BZ-Kolumne

Wir sind und bleiben Lernende

Als Erzbischof habe ich viele Ratgeber. Wenn ich an einer Demonstration für den Schutz des ungeborenen Lebens teilnehmen will, sagen sie: „Da können Sie auf gar keinen Fall hingehen, da gehen doch rechtsradikale Gruppen mit.“ Und wenn ich zu einer Demonstration gegen Rechtspopulismus gehen will, heißt es: „Herr Erzbischof, auf gar keinen Fall! Da gehen auch linksradikale Gruppen mit!“ Ich soll also abwarten, bis alles „stimmt“, nur dann hingehen, wenn die Thesen unanfechtbar, die Redner ausgewogen und die Parolen genügend differenziert sind.

Dann kann ich auch gleich zuhause bleiben, weil keine Protestkundgebung all diese Ansprüche erfüllt. Entweder 100 Prozent richtig oder es geht gar nicht – das ist ein Leitmotiv, das nur in einer Welt funktioniert, die aus Schwarz und Weiß besteht.

Zum Glück leben wir nicht in solch einer Welt. Denn vieles ist nicht so klar, wie wir es gerne hätten. Trotzdem müssen Entscheidungen gefällt werden. Manchmal aus dem Bauch heraus. Das ist nicht immer das Schlechteste. Aber viele große Entscheidungen trifft man besser rational und dialektisch. Ich kann immer nur nach bestem Wissen und Gewissen abwägen, die mir erkennbaren Konsequenzen bedenken und dann nach erfolgter guter Erörterung und Beratung zu verantwortungsbewussten Entscheidungen kommen. Diese sind ja gerade deshalb so schwierig, weil jede Entscheidung immer auch eine Entscheidung gegen andere Aspekte, Möglichkeiten und Argumente ist.

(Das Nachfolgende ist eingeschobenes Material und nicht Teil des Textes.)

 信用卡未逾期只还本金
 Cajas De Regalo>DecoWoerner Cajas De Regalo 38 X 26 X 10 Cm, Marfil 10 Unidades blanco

Wir müssen wieder mehr versuchen, in Entscheidungsprozessen die Ambivalenzen auszuhalten und dürfen die eine Seite nicht gegen die andere ausspielen. Bei alldem gilt: Wir sind und bleiben Lernende. Wer zu lernen bereit ist, weiß, dass weder der einzelne Mensch noch die Gesellschaft noch die Welt oder die Kirche perfekt waren, sind oder sein werden.